Here is an example where ... is used as the delimiter.
def set_rule(doc):
for token in doc[:-1]:
if token.text == '...':
doc[token.i + 1].is_sent_start = True
return doc
nlp.add_pipe(set_rule, before = 'parser')
text = 'Welcome to KGP Talkie...Thanks...Like and Subscribe!'
doc = nlp(text)
for sent in doc.sents:
print(sent)
Welcome to KGP Talkie...
Thanks...
Like and Subscribe!
for token in doc:
print(token.text)
Welcome
to
KGP
Talkie
...
Thanks
...
Like
and
Subscribe
!
Visualization
spaCy includes a built-in visualizer called displaCy. You can use it to visualize a dependency parse or named entities in a browser or Jupyter notebook.
Pass a Doc or a list of Doc objects to displaCy and call displacy.serve to run the web server, or displacy.render to generate the raw markup.
from spacy import displacy
doc
Welcome to KGP Talkie...Thanks...Like and Subscribe!
Visualizing the dependency parse
The dependency visualizer, dep, shows part-of-speech tags and syntactic dependencies.
displacy.render(doc, style='dep')

The argument options accepts a dictionary of settings to customize the layout.
displacy.render(doc, style='dep', options={'compact':True, 'distance': 100})

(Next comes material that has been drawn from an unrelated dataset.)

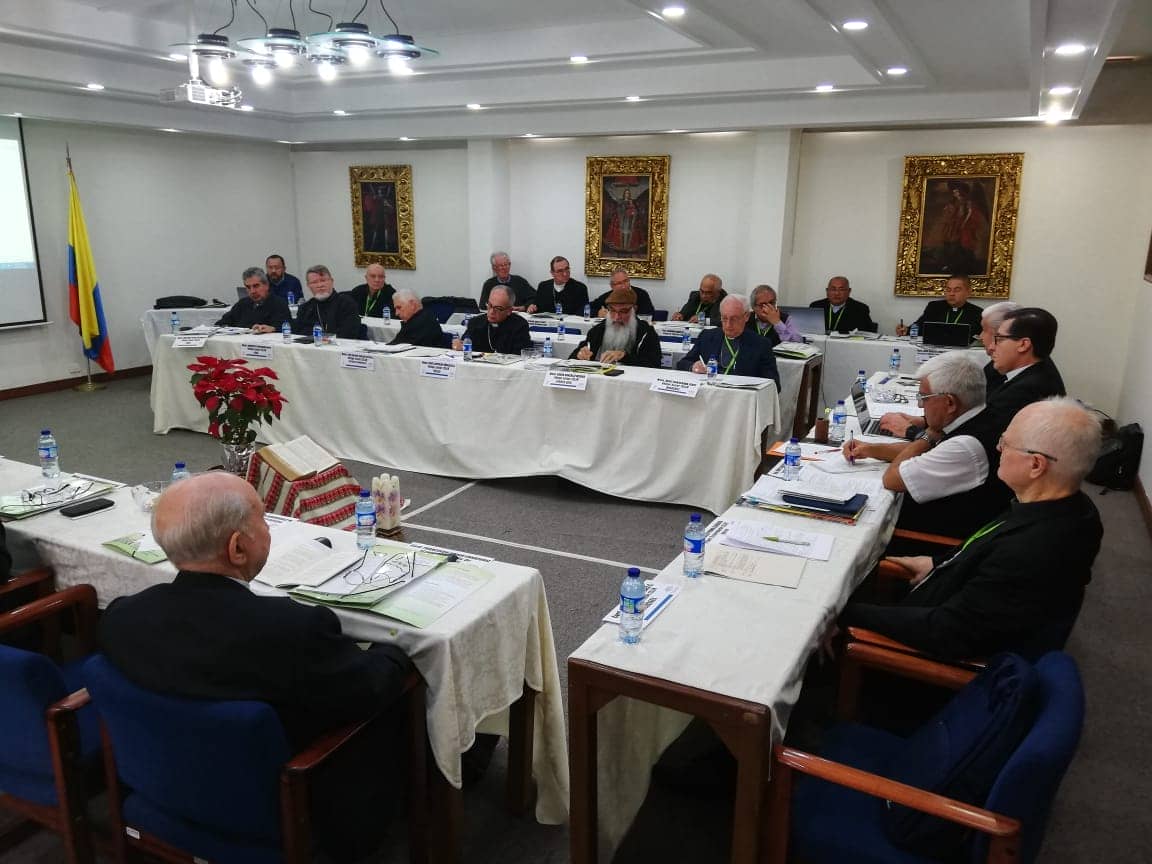 Asesoría al CELAM en su proceso de reestructuración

Visualizing the entity recognizer
The entity visualizer, ent, highlights named entities and their labels in a text.
doc = nlp("Apple isn't looking at buyig U.K. startup for $1 billion")
displacy.render(doc, style='ent')

Conclusion
spaCy is a production-grade NLP library for Python. It covers tokenization, lemmatization, POS tagging, named entity recognition, dependency parsing, sentence segmentation, and visualization through displaCy.